Palafitas, trapiches, barracos, filhos da mesma agonia. Na Baixada Santista são 300 mil morando em favelas, disse o IBGE no Censo de 2010. O de 2020 deve acrescentar mais alguns milhares nesta situação. Guarujá tem o maior número de famílias em aglomerados subnormais. Os prédios de luxo e mansões contrastam com as habitações precárias. São Vicente, a mais antiga do Brasil, é a segunda no ranking. Tem em sua paisagem geográfica as palafitas. Cubatão vem logo atrás, seguida de Santos, a cidade do maior porto da América Latina e da maior comunidade em cima de mangue, rio e maré do país.

O repórter do programa de entretenimento veiculado em todo Brasil mostrou a viela de um morro de Santos. Teve gente que achou que era do Rio de Janeiro. Como pode a terra do Santos de Pelé, do maior jardim de praia do mundo e do gigantesco complexo portuário ter família morando embaixo de uma rocha arriscando a própria vida e de seus filhos? Ouvi um “mora lá porque quer”. Meu senhor, mora lá porque precisa, antes em perigo e com teto do que ao relento em perigo.
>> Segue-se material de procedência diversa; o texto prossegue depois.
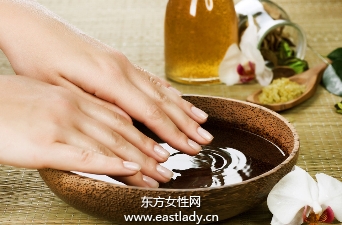 手部護(hù)理打造白嫩美手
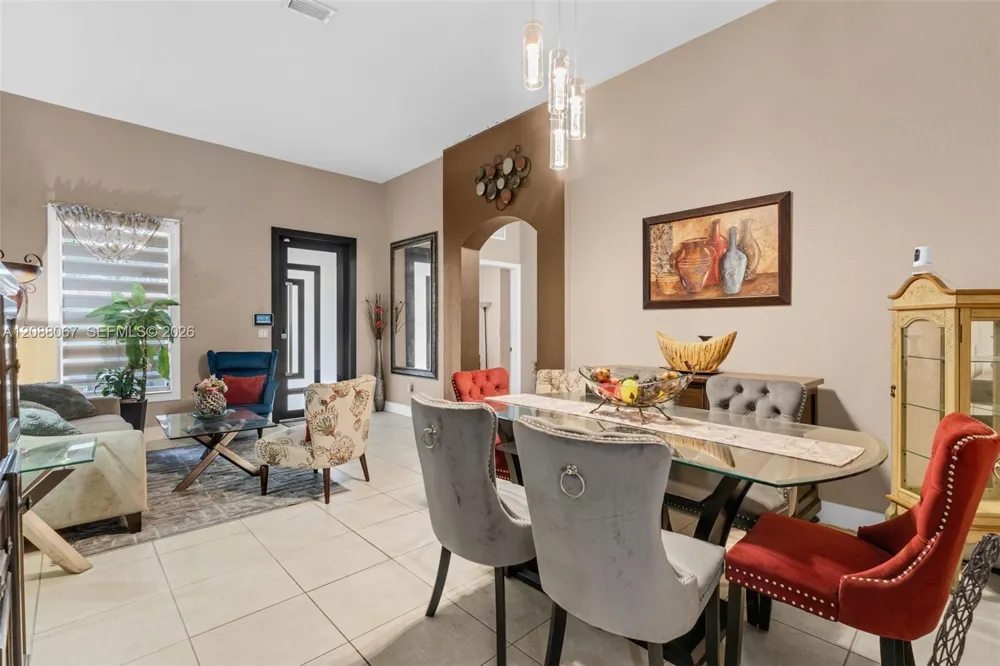 3985 NE 15th St Homestead, FL 33033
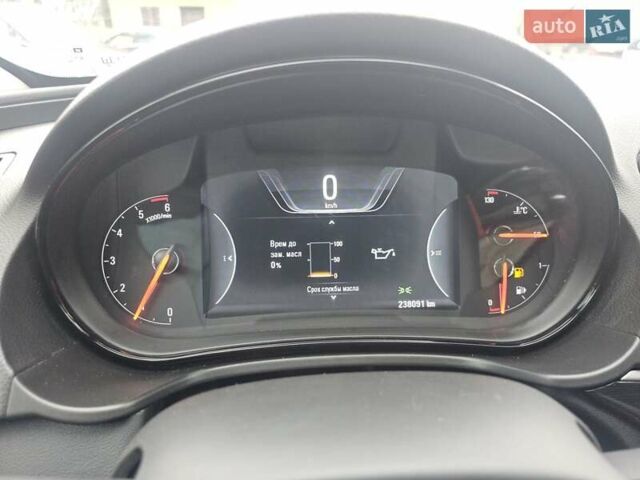 Серый Опель Инсигния, объемом двигателя 1.6 л и пробегом 237 тыс. км за 11150 $, фото 23 на Automoto.ua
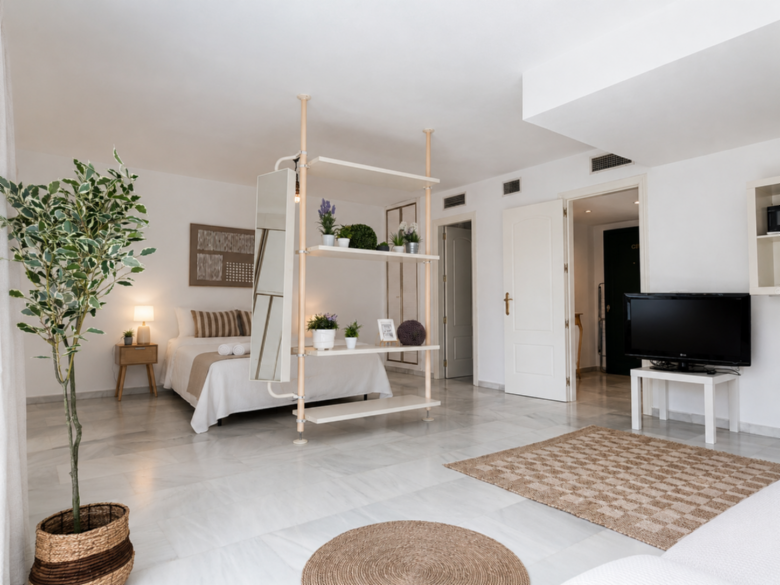 City Center Studio II - EaW Homes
Pobre leva a culpa por morar, e morrer, em área de risco e proteção, rico constrói nessas áreas com autorização e compensação (sic) ambiental. Lembrei dos macacos fugidos de uma área de restinga em Bertioga. O lar dos primatas e de várias espécies silvestres virou condomínio de luxo.

As rodovias dividem alguns municípios da Baixada. Presta atenção quando passar novamente nesses rolês. Do lado praia infraestrutura e desenvolvimento, do lado morro IDH baixo e esgoto a céu aberto. Mora melhor quem paga bem. Direito ao chão pra quem?

A natureza, coitada, vem respondendo com fúria aos nossos ataques de ego, omissão e consumo. Mas é cômodo dizer que a culpa é do aquecimento global. Também é, mas já dizia Brecht que o analfabeto político não sabe que o preço de tudo, até da vida, depende da política. Banana pra você ó! Chora a morte os que ficaram, chora professores e servidores do estado que apanham enquanto deputados decidem que trabalhar mais alguns anos e pagar a mais por isso não tem problema. Tudo em nome da gestão: “fogo nos baderneiros, que o vale terno está em dia”.

É um mar de lama, que soterra sonhos e faz brotar da tragédia a solidariedade (que lindo!). Vamos ajudar os irmãos, meus irmãos. Mas dividir o pão e olhar o próximo é todo dia, dona Maria, não esqueça disso.

Hoje o sol abriu. Tem corpo para achar, corpo para velar e enterrar. Ainda tem lamento e tristeza a chorar. O outono logo chega e a chuva aos poucos vai embora. A vida voltará ao normal, mas o que é normal nessa vida? Até que o próximo verão chegue, a tragédia já terá sido amenizada. Ainda lembram de Brumadinho e Mariana? Também foi um mar de lama.